# Description of the task:
Pictures in the data should be dropped; transcribe exactly the lines from the one that has "Diverse Plantings" through the one that has "Philadelphus pubescens".
•••••
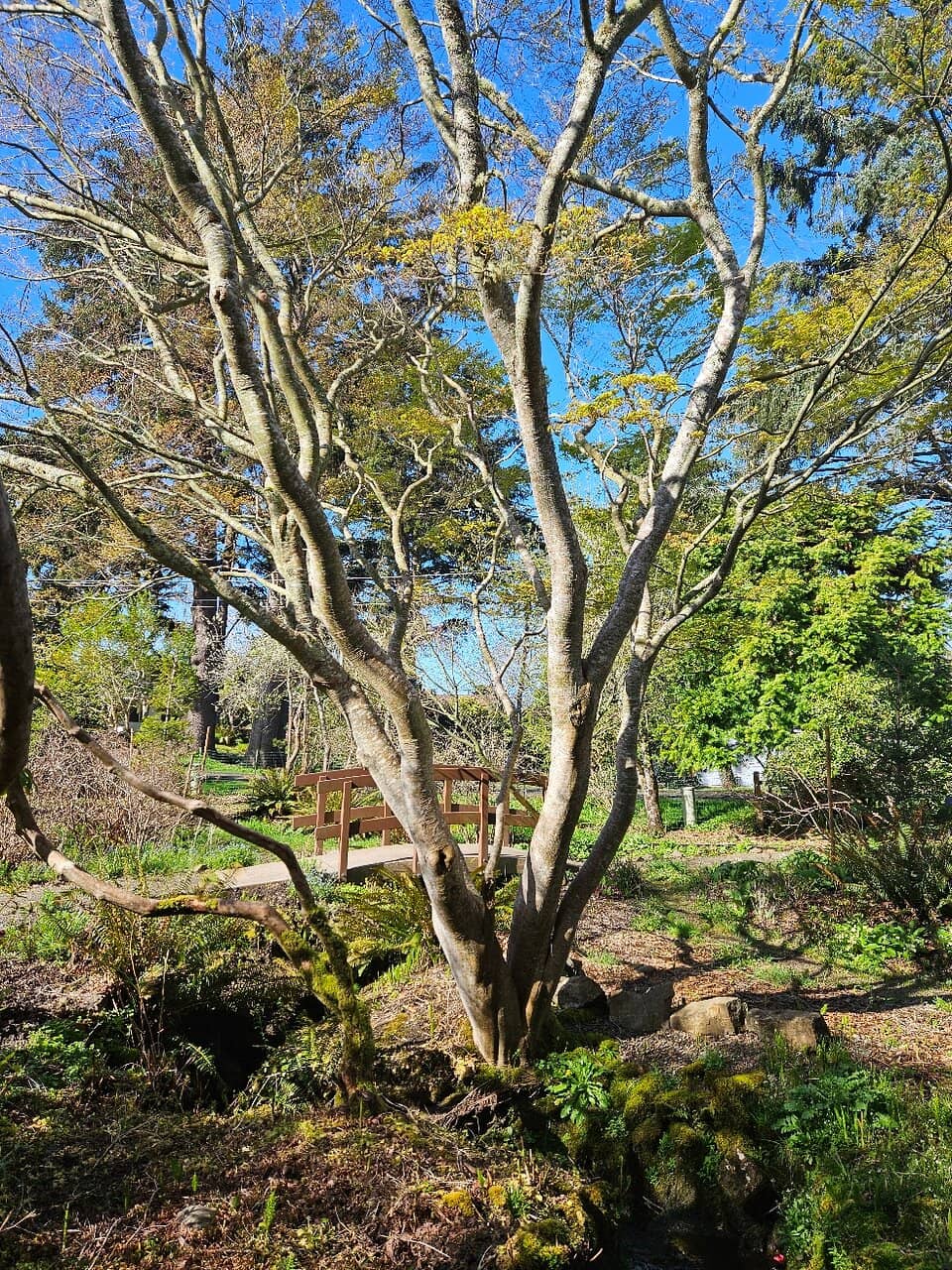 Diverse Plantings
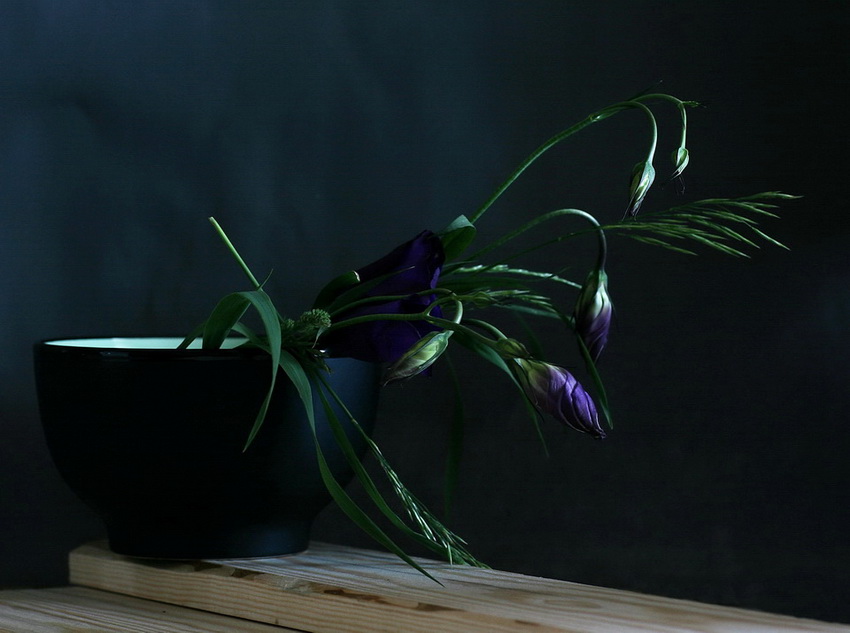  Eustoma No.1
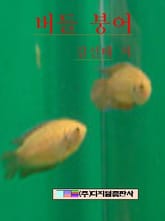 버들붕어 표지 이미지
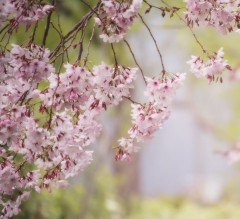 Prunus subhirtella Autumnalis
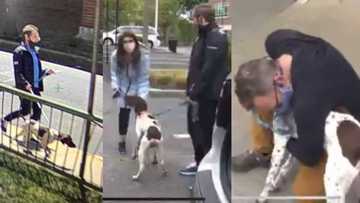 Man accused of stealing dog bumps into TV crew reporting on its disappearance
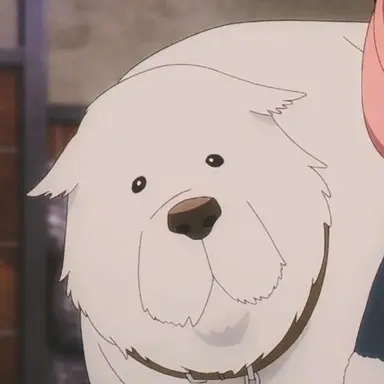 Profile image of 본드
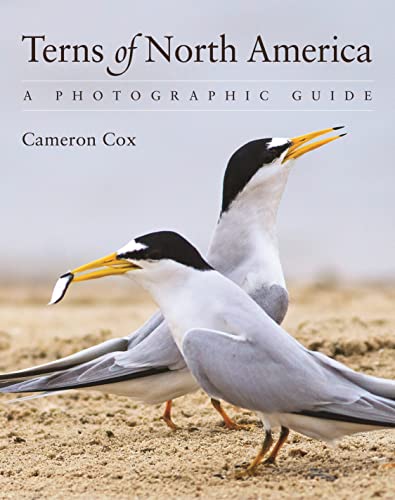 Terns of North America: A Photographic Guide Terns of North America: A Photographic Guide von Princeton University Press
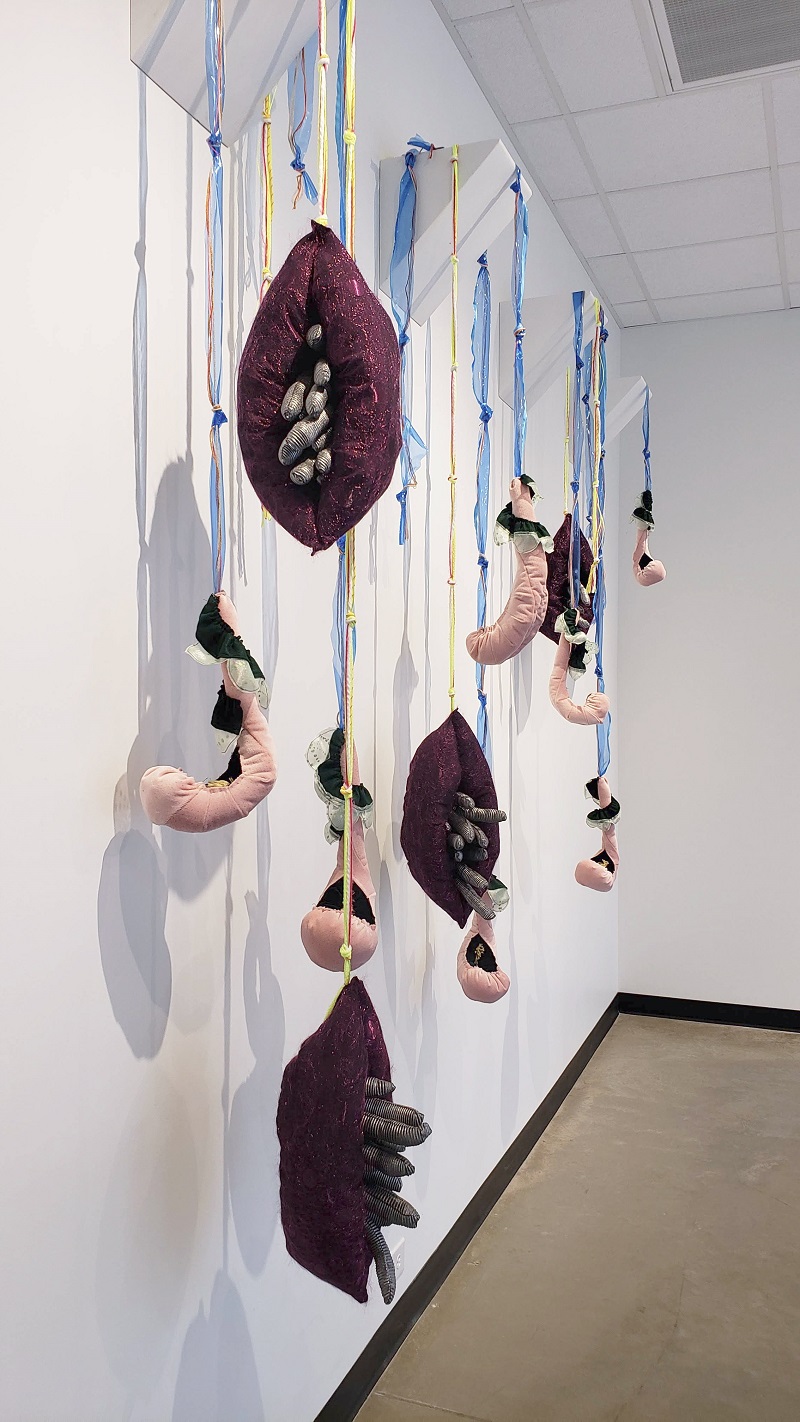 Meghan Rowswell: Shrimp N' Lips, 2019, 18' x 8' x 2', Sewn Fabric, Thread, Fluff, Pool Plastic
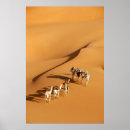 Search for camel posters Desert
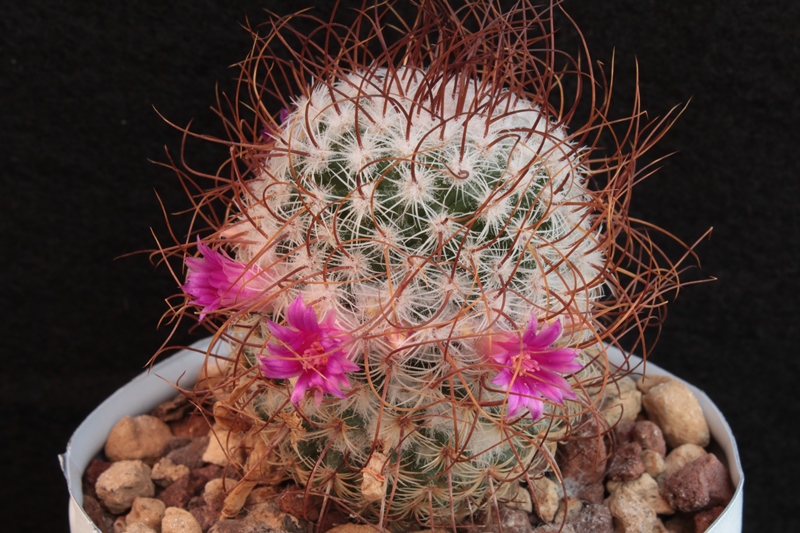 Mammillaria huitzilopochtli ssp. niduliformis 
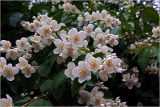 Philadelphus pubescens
•••••
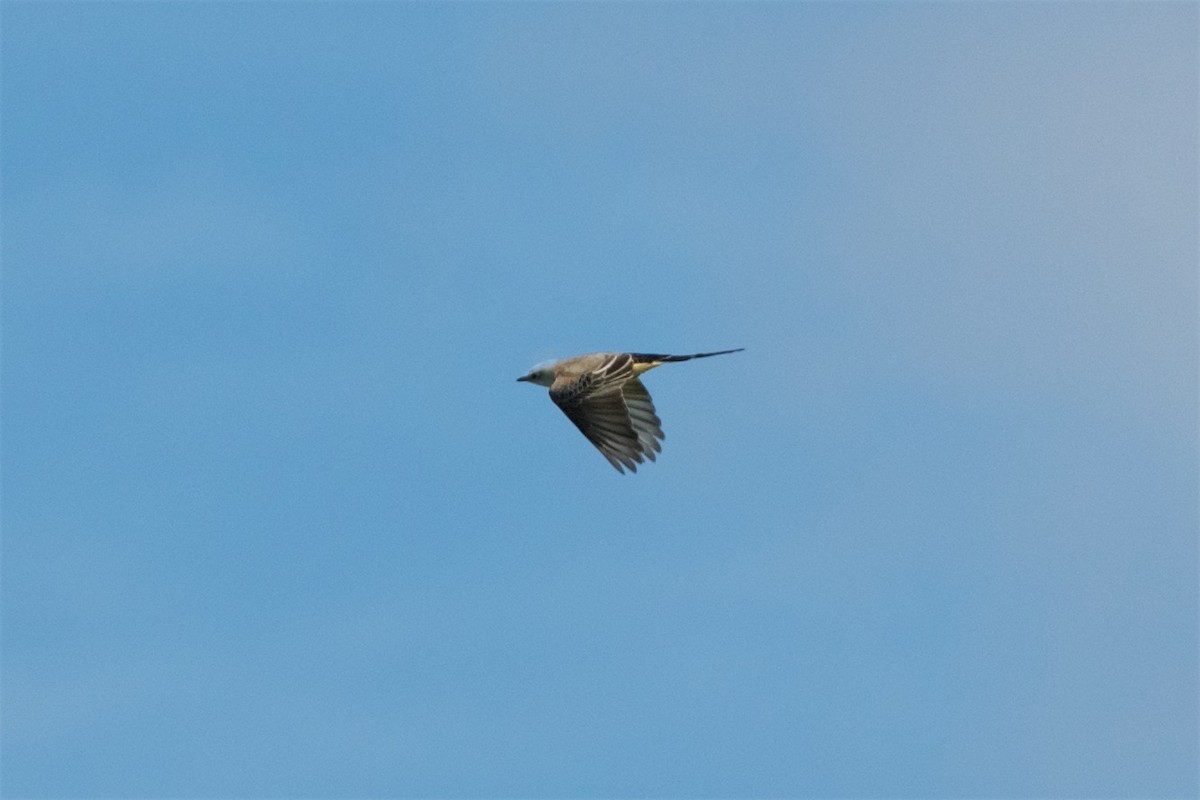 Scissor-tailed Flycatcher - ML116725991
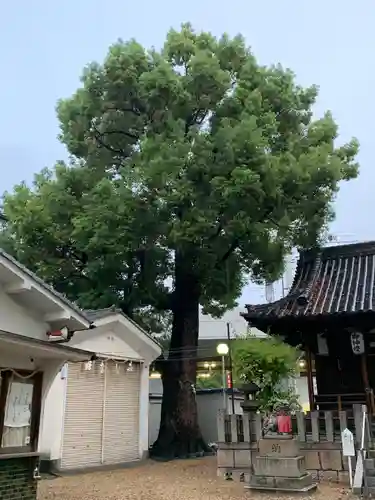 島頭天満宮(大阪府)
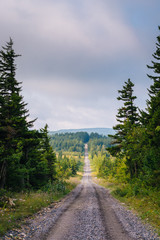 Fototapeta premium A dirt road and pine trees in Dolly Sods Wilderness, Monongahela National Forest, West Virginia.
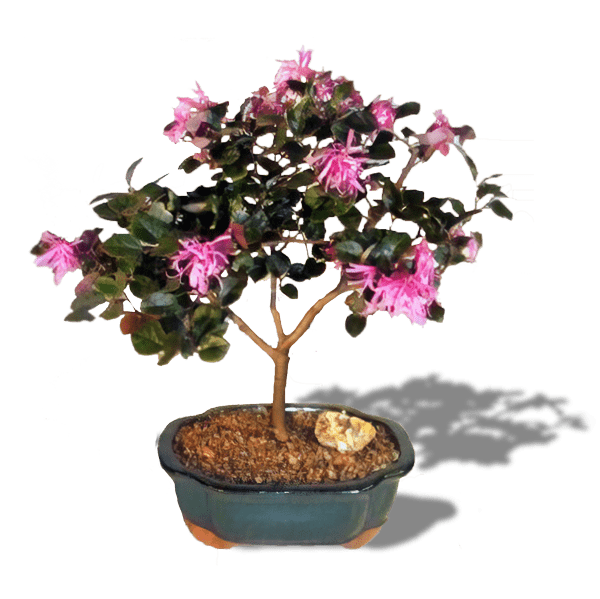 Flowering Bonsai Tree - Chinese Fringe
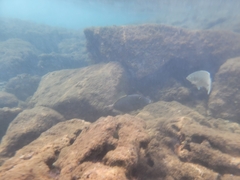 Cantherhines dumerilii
•••••
# Exercise answer:
 Diverse Plantings
  Eustoma No.1
 버들붕어 표지 이미지
 Prunus subhirtella Autumnalis
 Man accused of stealing dog bumps into TV crew reporting on its disappearance
 Profile image of 본드
 Terns of North America: A Photographic Guide Terns of North America: A Photographic Guide von Princeton University Press
 Meghan Rowswell: Shrimp N' Lips, 2019, 18' x 8' x 2', Sewn Fabric, Thread, Fluff, Pool Plastic
 Search for camel posters Desert
 Mammillaria huitzilopochtli ssp. niduliformis 
 Philadelphus pubescens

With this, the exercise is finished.